Print is Dead: Books in Our Digital Age

What’s love got to do with it? Actually, nothing

the camus festival

Maybe the real reason I want print to be dead is so we can stop reading awful puff pieces like Rachel Donadio’s essay that appeared in The New York Times Book Review over the weekend. Entitled, “It’s Not You, It’s Your Books,” it was yet another silly think-piece about how you can’t judge a book by its cover, but plenty of people judge prospective lovers by the books that they read (or don’t read). And I don’t really have a fault with the essay’s thesis, since it’s indeed mostly true (in high school we used to joke about a girl who thought that Daniel Defoe was Willem’s brother), but the problem is that this same phenomenon occurs with just about every other form of art as well. For instance, in the world of music snobs there are guys who won’t date girls who think that Captain Beefhart was someone in the army, while film snobs will shun anyone who hasn’t heard of Cahiers du cinema (let alone some of the famous directors who once wrote for it). So while people who love books can continue to feel that theirs is the greatest love of all, potential suitors all over the world are in fact being spurned for all kinds of reasons. In fact, in NYU dorm rooms right now there are probably a whole lot more guys who are turned off because a girl has a Zune and not an iPod rather than the fact that she reads Tom Wolfe instead of Thomas. Because of this, increasingly, books are not what we talk about when we talk about love; they’re simply what we talk about when we talk about books.

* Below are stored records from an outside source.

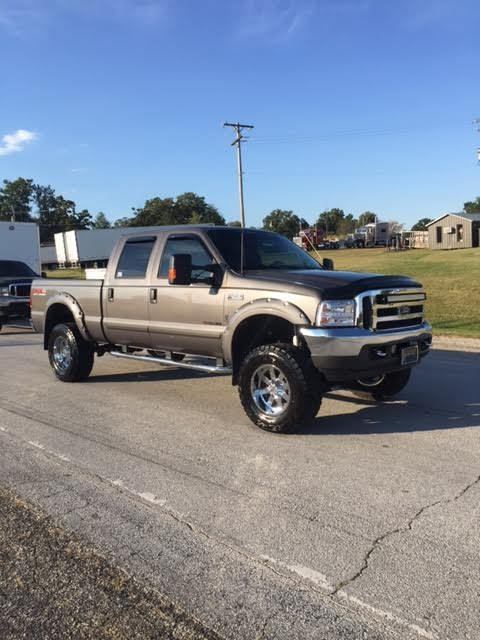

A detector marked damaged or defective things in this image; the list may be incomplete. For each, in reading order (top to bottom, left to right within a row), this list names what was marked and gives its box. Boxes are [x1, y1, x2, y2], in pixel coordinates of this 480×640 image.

cracked asphalt [0, 328, 480, 636]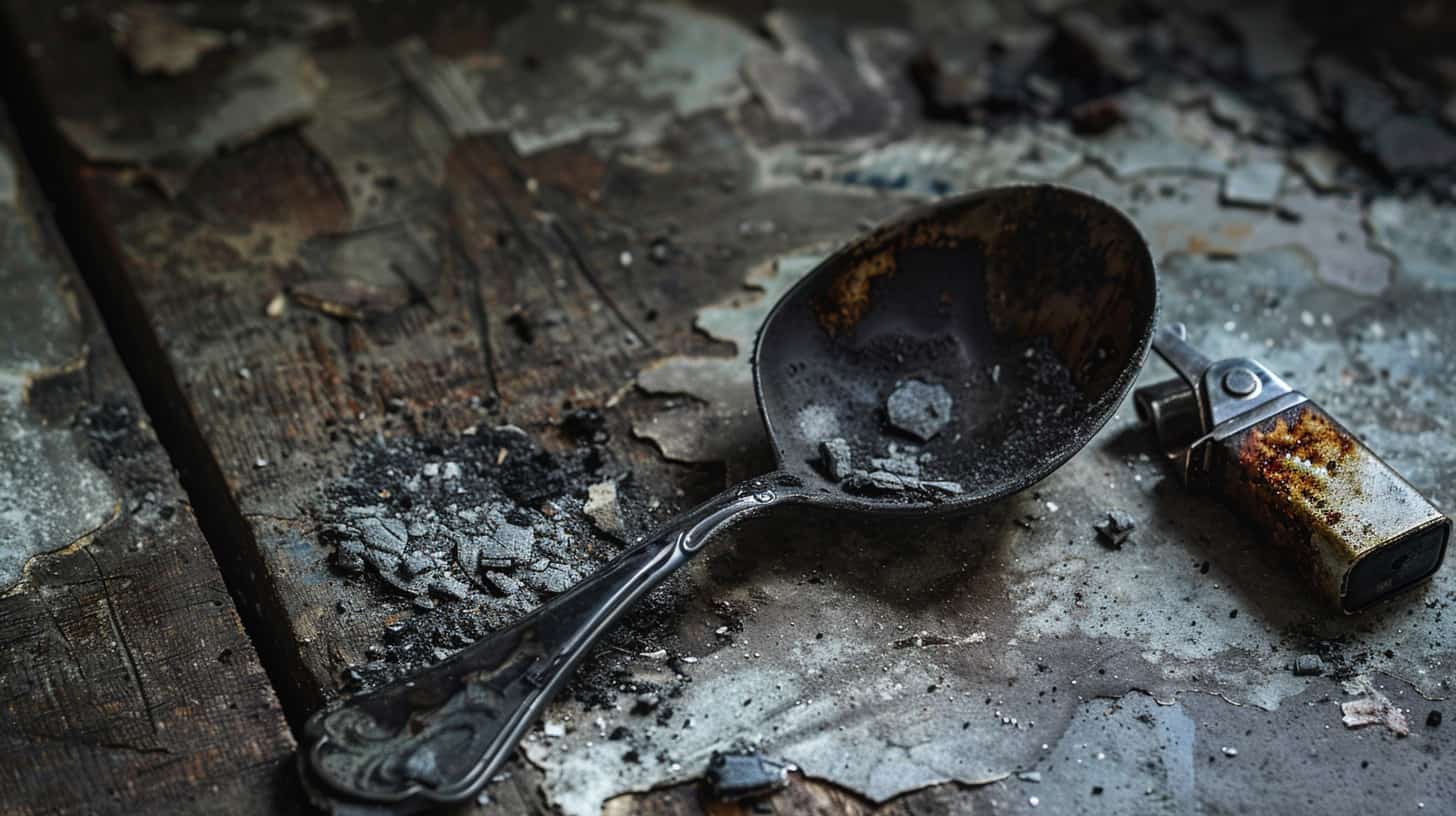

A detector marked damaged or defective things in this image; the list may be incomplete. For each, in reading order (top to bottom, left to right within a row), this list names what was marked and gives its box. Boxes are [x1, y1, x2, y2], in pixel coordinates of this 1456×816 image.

rusty lighter body [1141, 324, 1450, 612]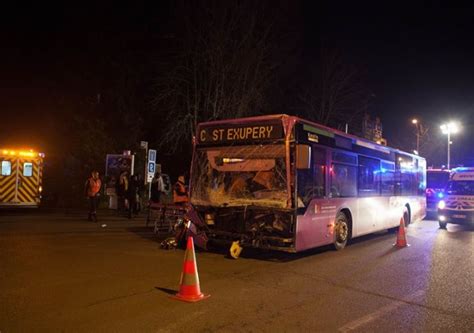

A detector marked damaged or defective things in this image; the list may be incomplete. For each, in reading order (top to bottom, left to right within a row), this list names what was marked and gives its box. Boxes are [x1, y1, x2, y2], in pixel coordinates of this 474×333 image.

shattered windshield [190, 144, 286, 206]
damaged bus [187, 114, 428, 254]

Share and Enjoy: These icons link to social bookmarking sites where readers can share and discover new web pages.
  • Digg
  • del.icio.us
  • StumbleUpon
  • Slashdot
  • Technorati
  • Furl
  • Simpy
  • YahooMyWeb
  • Reddit
  • Netvouz

3 Comments so far

  1. Sarah Beth Christensen March 31st, 2008 10:48 am

    This article was close to making an interesting point, but it was lost in the fruitless attempt to prove that books can make you fall in or out of love. That’s silly.

    The underlying idea here is books as performance and ritual, and books as an extension of personality. Just as a MySpace profile is a collage meant to represent a person’s identity through various media modules, a bookshelf (or CD shelf, or art collection) also serves a similar purpose. There’s a live performance going on every time you examine a friend or lover’s bookshelf. The same type of performance happens on the subway from Park Slope every morning as each rider looks around at what his companions are wearing, carrying, and of course, reading.

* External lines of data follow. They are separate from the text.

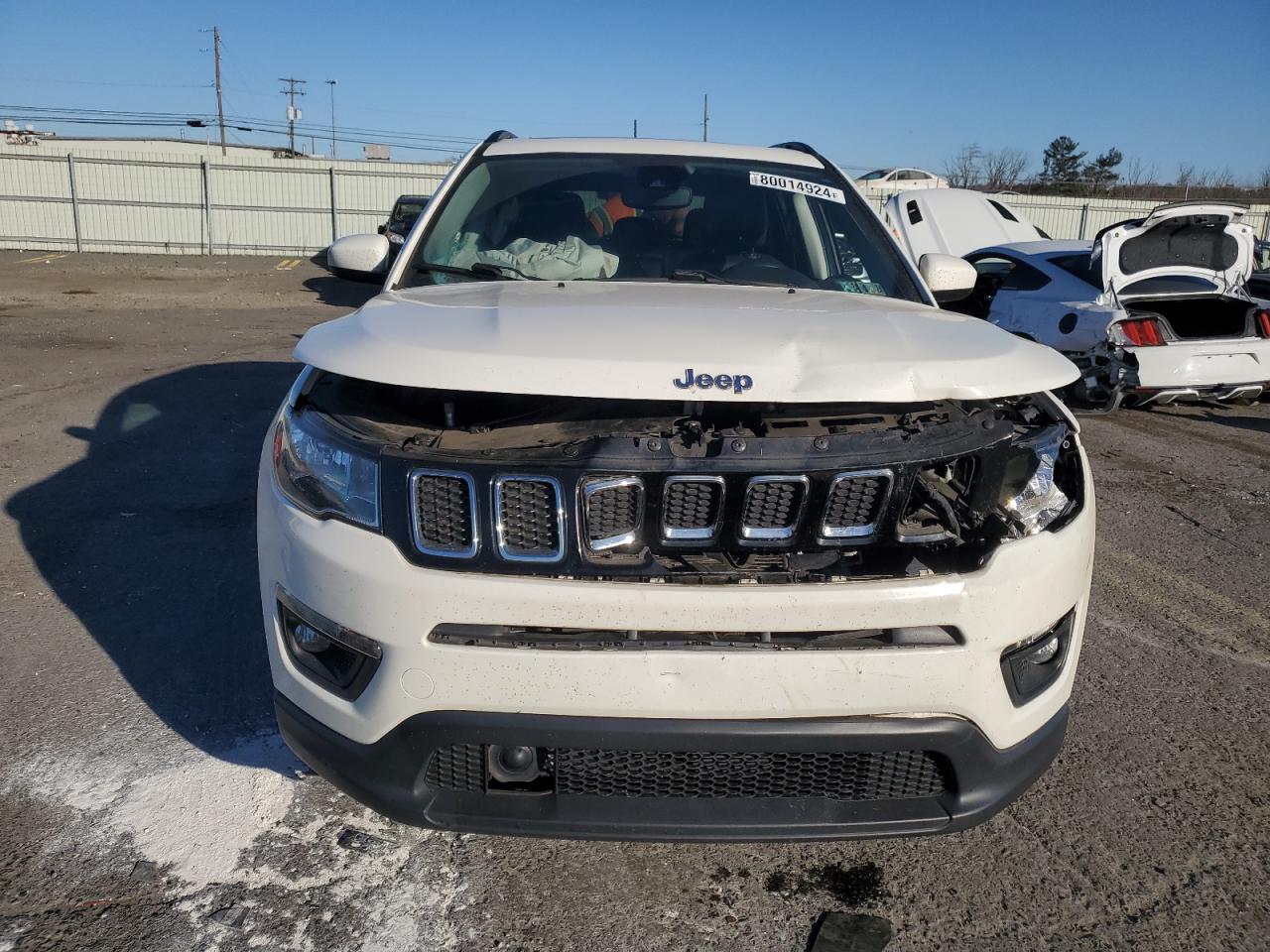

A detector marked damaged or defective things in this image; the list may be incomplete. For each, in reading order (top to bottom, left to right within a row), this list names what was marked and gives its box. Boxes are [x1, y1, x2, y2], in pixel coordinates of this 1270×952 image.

crumpled hood [297, 282, 1081, 404]
damaged front end [275, 375, 1081, 586]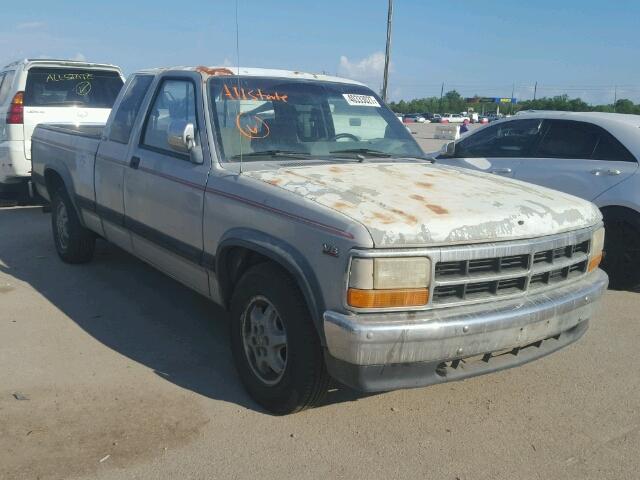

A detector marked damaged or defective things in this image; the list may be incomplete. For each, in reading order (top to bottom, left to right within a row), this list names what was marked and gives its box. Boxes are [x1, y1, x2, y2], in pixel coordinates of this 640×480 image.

rusty hood [245, 163, 600, 248]
peeling paint on hood [245, 164, 600, 248]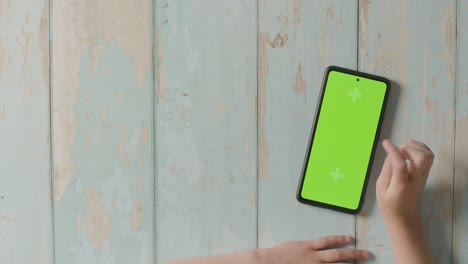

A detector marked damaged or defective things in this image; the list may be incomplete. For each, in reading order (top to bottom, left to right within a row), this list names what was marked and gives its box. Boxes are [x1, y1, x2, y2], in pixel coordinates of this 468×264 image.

peeling paint [292, 62, 308, 100]
peeling paint [85, 190, 110, 248]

    While students in NYU dorm rooms are likely looking at one another’s mp3 player, they are also judging each other by what music they actually put on when entertaining. Similarly, they are understanding one another through the books they are reading. They are decoding the symbolic language of one another - what does it mean that this person has a Tim Robbins novel in concordance with Converse sneakers, a Beastie Boys poster, and a Grateful Dead CD?

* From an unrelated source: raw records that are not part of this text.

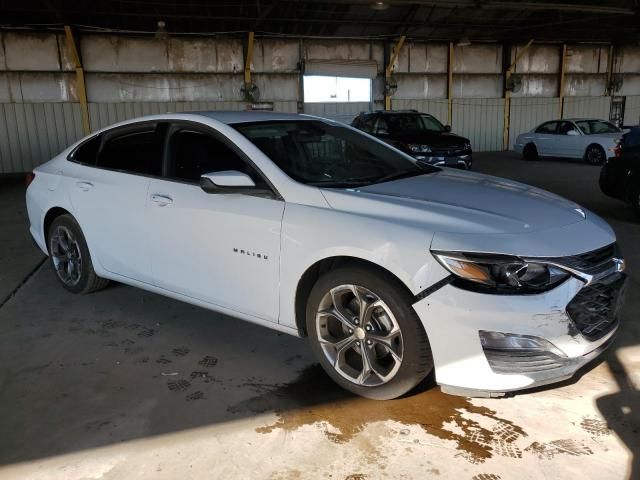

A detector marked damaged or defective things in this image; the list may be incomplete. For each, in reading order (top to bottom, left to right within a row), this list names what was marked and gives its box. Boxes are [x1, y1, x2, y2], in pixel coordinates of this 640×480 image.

damaged front bumper [412, 266, 628, 398]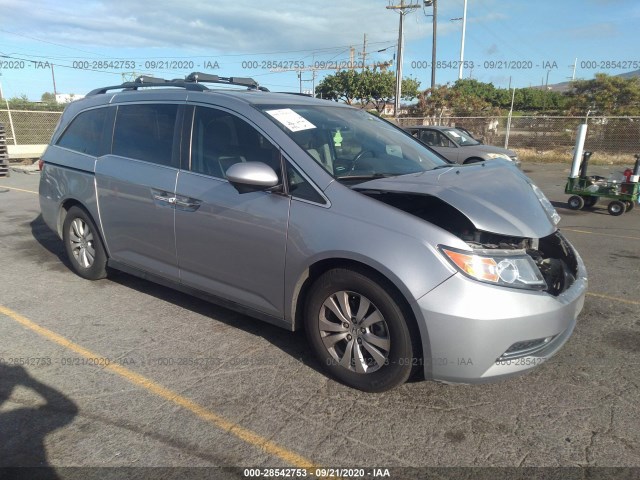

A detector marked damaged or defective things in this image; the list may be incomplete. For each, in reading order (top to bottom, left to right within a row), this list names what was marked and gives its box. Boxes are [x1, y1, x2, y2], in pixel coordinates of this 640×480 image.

damaged hood [356, 162, 556, 239]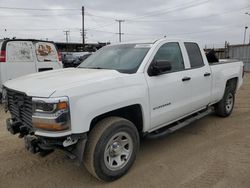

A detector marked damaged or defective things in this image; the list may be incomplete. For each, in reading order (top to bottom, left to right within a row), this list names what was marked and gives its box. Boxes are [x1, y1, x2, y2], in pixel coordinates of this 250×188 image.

damaged front bumper [6, 118, 88, 164]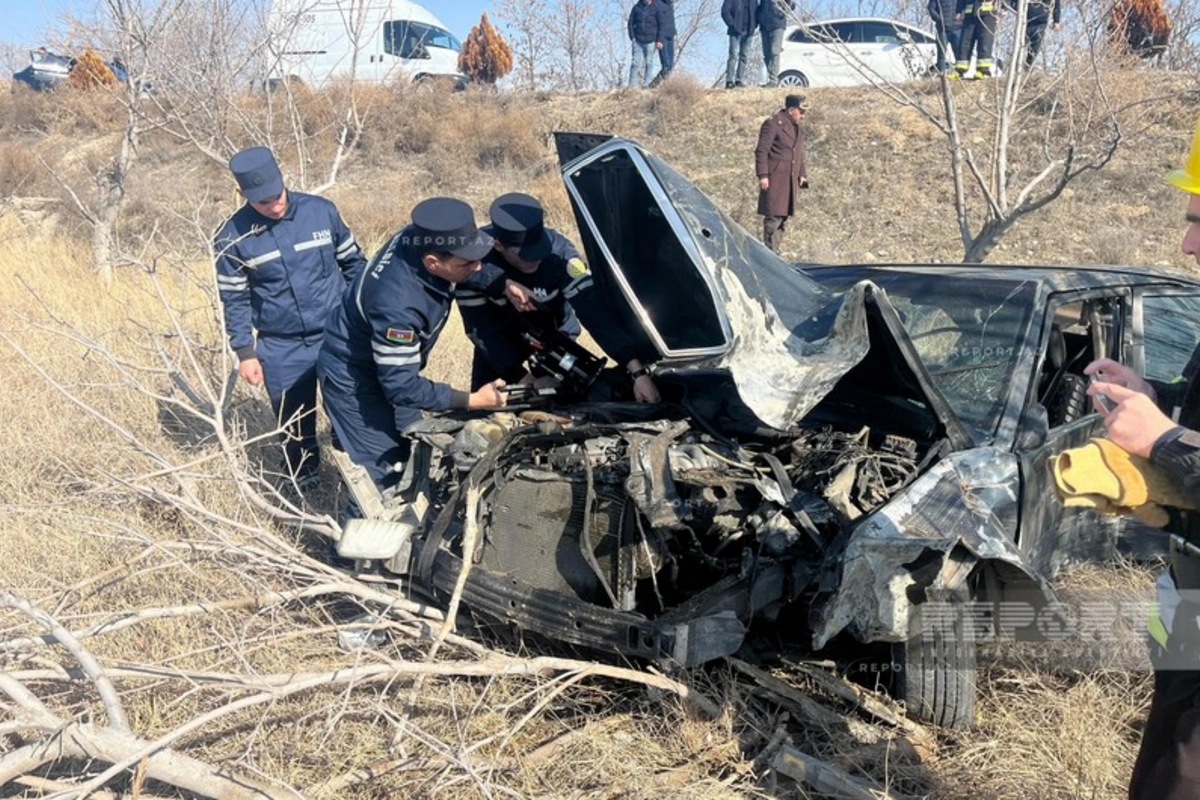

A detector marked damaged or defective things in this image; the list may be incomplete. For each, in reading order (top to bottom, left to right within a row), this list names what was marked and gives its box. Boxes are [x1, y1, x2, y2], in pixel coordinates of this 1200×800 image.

crumpled car hood [556, 131, 969, 443]
wrecked dark car [333, 134, 1200, 729]
shattered car windshield [820, 273, 1036, 438]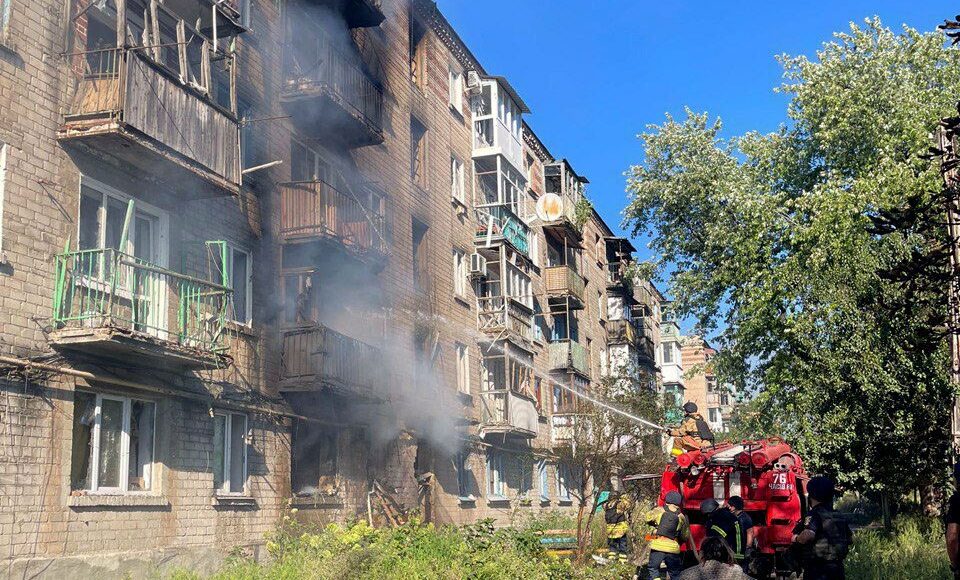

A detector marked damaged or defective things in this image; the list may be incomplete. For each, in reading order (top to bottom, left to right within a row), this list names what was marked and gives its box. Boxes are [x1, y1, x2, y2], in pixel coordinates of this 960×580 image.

broken window [406, 12, 426, 88]
broken window [408, 116, 428, 189]
burned apartment [0, 0, 660, 572]
damaged residential building [0, 0, 660, 572]
broken window [71, 390, 155, 494]
broken window [213, 412, 248, 494]
broken window [290, 420, 340, 496]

    The book in its traditional form is a piece that helps to build the identity of a person, and the performance can’t take place as it has for decades when the books are in digital files on an e-book reader. The sns profile will slither in to package and display a person’s media preferences the way their home and personal space did in decades past. This type of performance will die if (when?) print dies and I, for one, will miss it.

  2. Mary March 31st, 2008 11:21 am

    So true — another truly stupid culture piece from the Times. I was embarrassed to find myself reading it.

  3. Charlie March 31st, 2008 10:47 pm

    The carefully placed tome poking out of a pocket was a favourite fashion accessory of mine in my teenage years. I think I may even have used The Stranger on occasion although obviously in the original French, L’Etrange.